> _AIM OF THE EXERCISE_:
Go through the entries below. Copy out every line that contains "small".

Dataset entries
------------

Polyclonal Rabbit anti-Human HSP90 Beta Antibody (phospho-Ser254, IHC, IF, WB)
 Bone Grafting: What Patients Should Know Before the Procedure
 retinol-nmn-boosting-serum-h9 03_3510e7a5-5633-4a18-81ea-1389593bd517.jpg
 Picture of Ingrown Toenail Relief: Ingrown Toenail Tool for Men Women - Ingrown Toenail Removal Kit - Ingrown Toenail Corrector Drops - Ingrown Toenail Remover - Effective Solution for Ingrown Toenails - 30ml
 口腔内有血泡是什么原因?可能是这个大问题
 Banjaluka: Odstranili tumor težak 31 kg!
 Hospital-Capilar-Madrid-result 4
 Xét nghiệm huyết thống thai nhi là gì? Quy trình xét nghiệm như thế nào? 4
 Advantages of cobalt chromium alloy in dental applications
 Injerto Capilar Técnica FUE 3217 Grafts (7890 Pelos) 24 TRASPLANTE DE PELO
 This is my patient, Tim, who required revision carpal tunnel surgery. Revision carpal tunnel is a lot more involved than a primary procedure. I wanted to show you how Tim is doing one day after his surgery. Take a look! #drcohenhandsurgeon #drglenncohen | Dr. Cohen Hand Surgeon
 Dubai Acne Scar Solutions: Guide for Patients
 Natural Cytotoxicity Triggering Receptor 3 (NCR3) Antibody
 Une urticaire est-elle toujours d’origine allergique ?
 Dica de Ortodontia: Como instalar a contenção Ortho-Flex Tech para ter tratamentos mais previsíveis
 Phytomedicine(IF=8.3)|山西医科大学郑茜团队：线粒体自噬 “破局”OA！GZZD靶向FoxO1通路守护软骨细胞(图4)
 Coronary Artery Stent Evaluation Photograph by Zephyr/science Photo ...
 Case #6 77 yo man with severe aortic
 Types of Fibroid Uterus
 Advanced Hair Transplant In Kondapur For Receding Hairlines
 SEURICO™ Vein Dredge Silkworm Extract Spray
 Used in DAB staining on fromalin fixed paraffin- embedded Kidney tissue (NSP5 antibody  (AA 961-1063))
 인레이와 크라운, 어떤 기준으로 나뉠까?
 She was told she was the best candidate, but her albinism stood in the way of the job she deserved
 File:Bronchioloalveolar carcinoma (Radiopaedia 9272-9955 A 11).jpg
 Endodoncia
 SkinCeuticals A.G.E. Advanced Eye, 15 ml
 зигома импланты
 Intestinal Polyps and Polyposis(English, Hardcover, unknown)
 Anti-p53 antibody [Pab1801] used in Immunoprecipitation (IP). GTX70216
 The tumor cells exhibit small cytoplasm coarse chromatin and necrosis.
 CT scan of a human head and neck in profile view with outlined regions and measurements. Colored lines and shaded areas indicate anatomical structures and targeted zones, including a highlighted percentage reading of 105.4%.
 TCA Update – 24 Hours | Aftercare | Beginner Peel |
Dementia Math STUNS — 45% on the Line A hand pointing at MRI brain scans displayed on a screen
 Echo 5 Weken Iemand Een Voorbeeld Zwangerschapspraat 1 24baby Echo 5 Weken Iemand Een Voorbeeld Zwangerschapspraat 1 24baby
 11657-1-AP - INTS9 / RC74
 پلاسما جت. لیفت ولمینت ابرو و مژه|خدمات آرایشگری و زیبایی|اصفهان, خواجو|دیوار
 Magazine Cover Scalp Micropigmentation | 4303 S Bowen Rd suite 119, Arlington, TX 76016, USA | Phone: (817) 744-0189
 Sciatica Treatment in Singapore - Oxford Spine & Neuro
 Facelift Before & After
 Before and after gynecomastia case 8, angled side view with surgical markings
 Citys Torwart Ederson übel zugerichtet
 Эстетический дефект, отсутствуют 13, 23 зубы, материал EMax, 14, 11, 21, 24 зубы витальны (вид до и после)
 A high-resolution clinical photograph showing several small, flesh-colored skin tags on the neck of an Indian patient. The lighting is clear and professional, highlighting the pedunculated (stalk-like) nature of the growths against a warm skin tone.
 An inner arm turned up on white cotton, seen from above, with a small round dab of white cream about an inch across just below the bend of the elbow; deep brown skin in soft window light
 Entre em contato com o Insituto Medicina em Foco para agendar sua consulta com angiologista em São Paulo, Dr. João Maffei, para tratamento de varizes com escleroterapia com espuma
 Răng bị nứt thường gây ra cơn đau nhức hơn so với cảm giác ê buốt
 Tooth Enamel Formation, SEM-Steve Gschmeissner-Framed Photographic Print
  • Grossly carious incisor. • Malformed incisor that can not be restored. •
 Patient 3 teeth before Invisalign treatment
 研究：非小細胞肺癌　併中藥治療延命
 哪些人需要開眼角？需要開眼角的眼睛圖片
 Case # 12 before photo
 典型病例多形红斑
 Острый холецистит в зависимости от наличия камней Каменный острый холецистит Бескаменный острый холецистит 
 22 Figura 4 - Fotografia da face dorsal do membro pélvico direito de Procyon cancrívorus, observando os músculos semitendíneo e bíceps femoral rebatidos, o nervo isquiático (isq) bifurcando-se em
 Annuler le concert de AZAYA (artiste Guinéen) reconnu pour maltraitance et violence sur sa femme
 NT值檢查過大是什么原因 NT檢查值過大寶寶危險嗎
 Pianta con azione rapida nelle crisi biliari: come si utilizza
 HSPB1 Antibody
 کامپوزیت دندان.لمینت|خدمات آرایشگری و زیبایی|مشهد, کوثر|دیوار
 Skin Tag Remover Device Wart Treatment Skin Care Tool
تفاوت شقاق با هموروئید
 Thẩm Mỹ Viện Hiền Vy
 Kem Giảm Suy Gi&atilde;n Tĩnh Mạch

------------

> _EXERCISE RESPONSE_:
 The tumor cells exhibit small cytoplasm coarse chromatin and necrosis.
 A high-resolution clinical photograph showing several small, flesh-colored skin tags on the neck of an Indian patient. The lighting is clear and professional, highlighting the pedunculated (stalk-like) nature of the growths against a warm skin tone.
 An inner arm turned up on white cotton, seen from above, with a small round dab of white cream about an inch across just below the bend of the elbow; deep brown skin in soft window light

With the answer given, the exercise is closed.